Whatever lies between the line that holds "HOMES RAISED AMAZING" and the final line of the records below, both included, should be repeated exactly; leave out the pictures and add nothing.
Start of RECORDS SHOWN
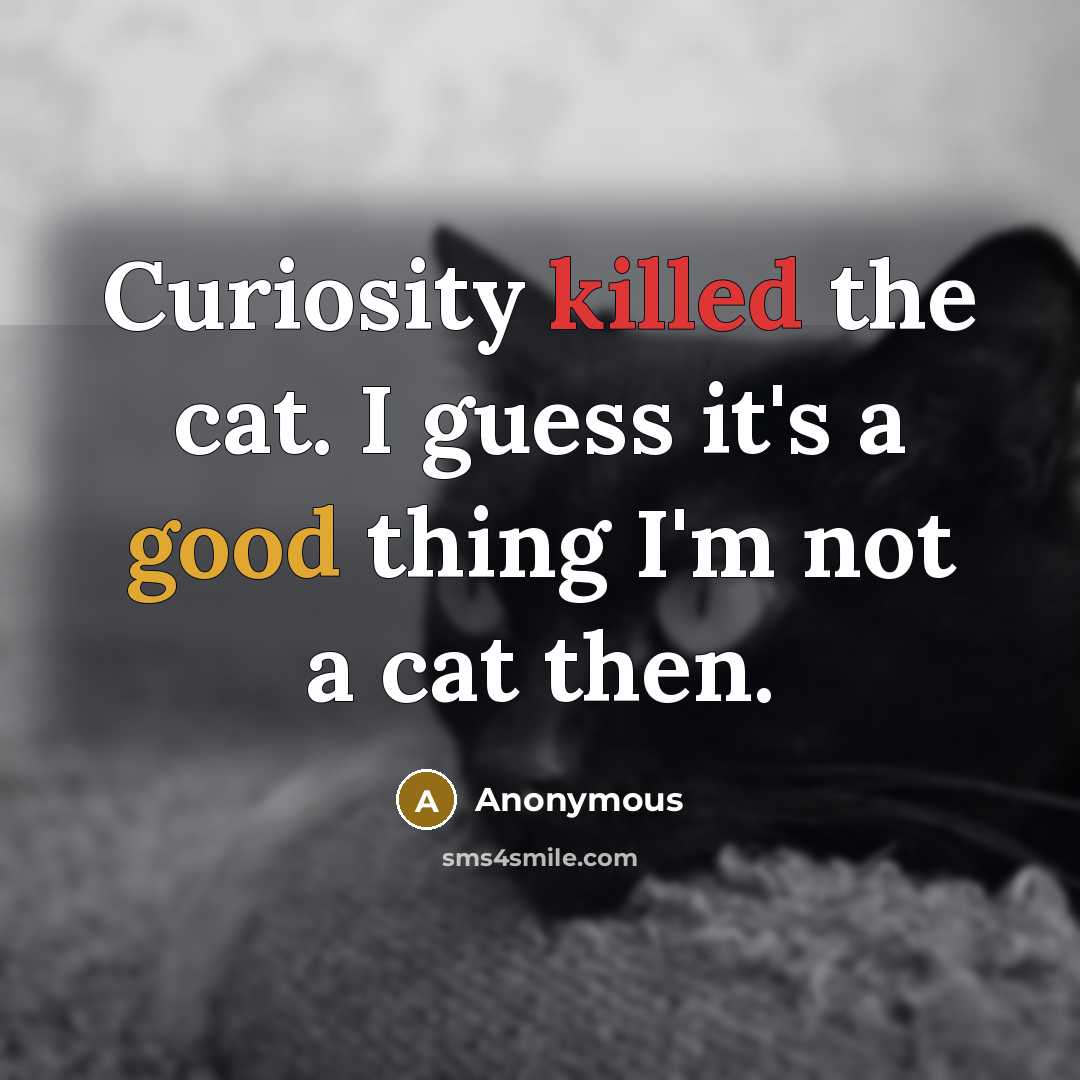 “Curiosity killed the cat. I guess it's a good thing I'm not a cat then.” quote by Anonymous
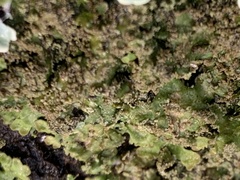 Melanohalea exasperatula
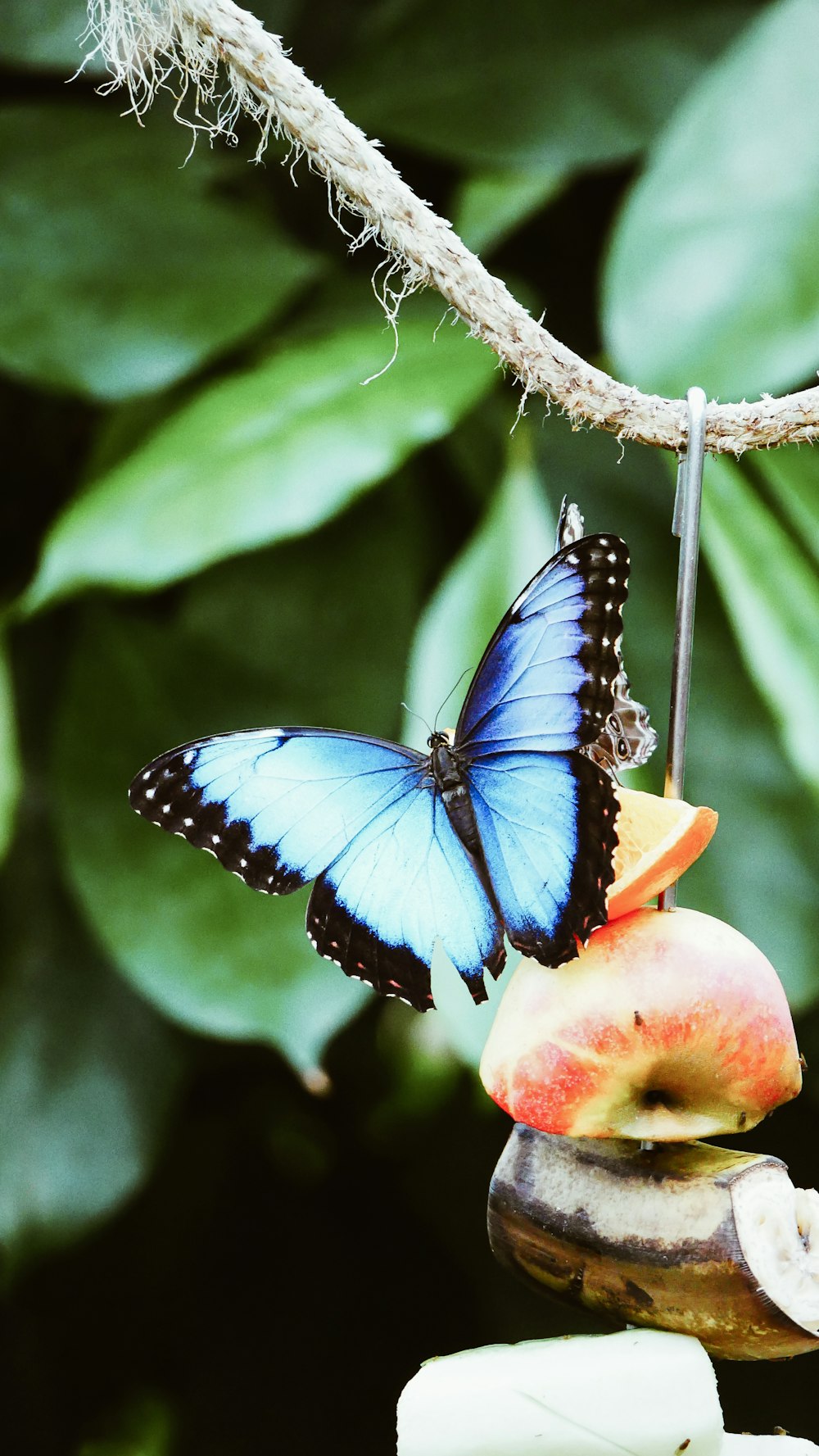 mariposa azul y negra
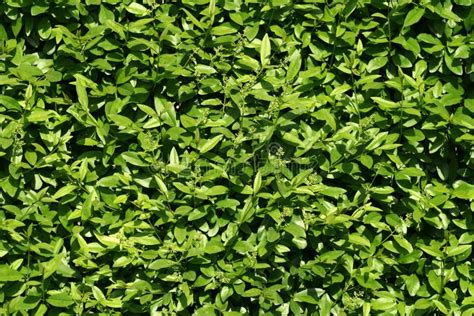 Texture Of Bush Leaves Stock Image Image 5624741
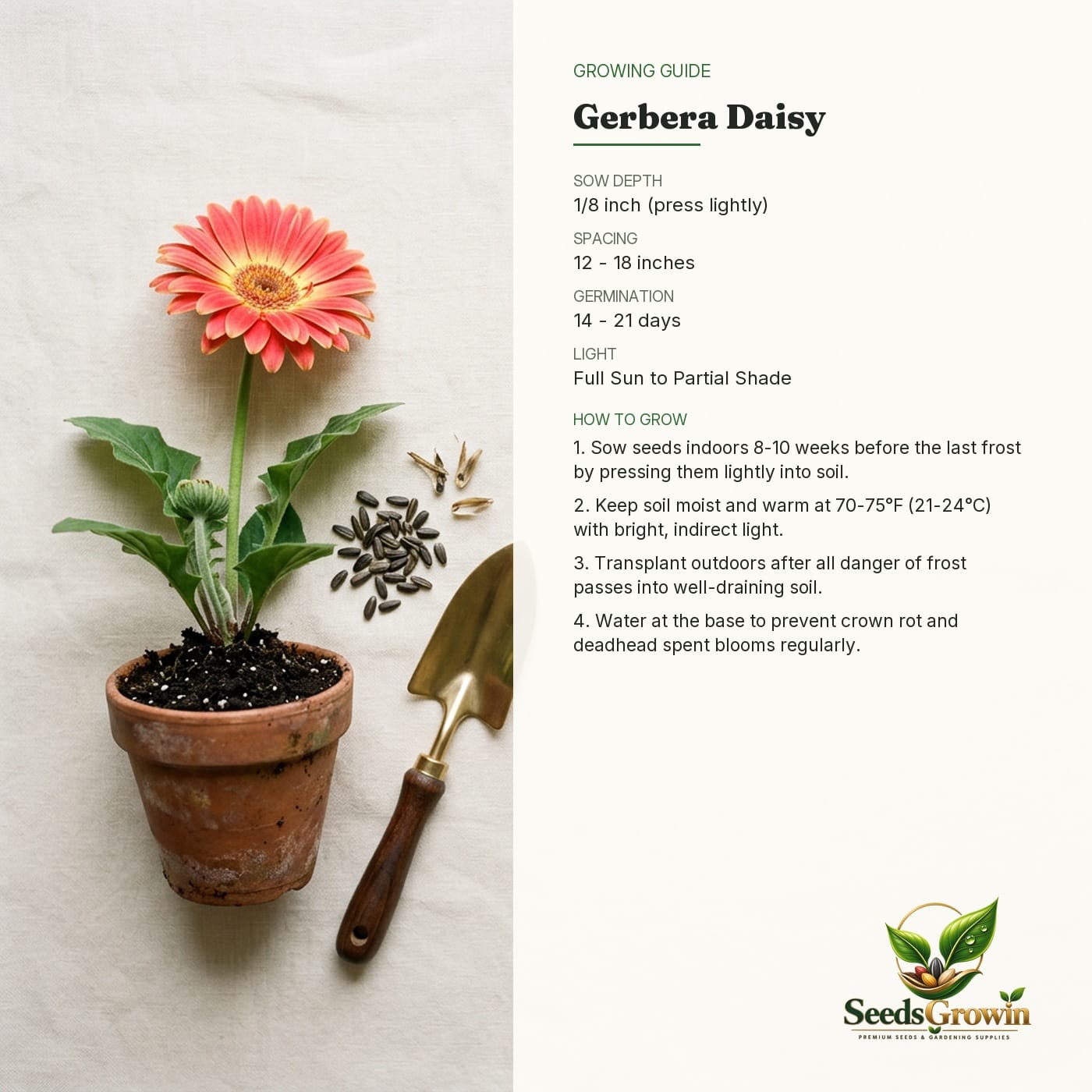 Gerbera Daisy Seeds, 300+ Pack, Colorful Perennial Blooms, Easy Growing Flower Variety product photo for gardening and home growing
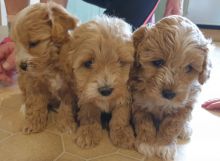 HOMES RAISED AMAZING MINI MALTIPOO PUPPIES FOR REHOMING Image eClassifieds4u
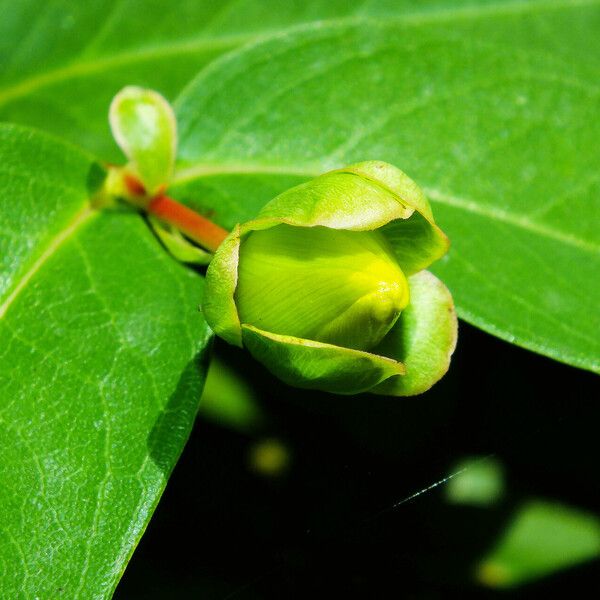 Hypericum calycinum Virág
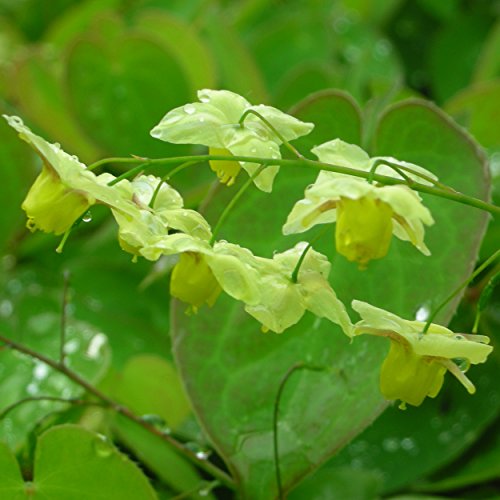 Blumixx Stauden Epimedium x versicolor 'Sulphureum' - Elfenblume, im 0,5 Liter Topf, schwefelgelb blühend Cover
End of RECORDS SHOWN
• SOLUTION:
 HOMES RAISED AMAZING MINI MALTIPOO PUPPIES FOR REHOMING Image eClassifieds4u
 Hypericum calycinum Virág
 Blumixx Stauden Epimedium x versicolor 'Sulphureum' - Elfenblume, im 0,5 Liter Topf, schwefelgelb blühend Cover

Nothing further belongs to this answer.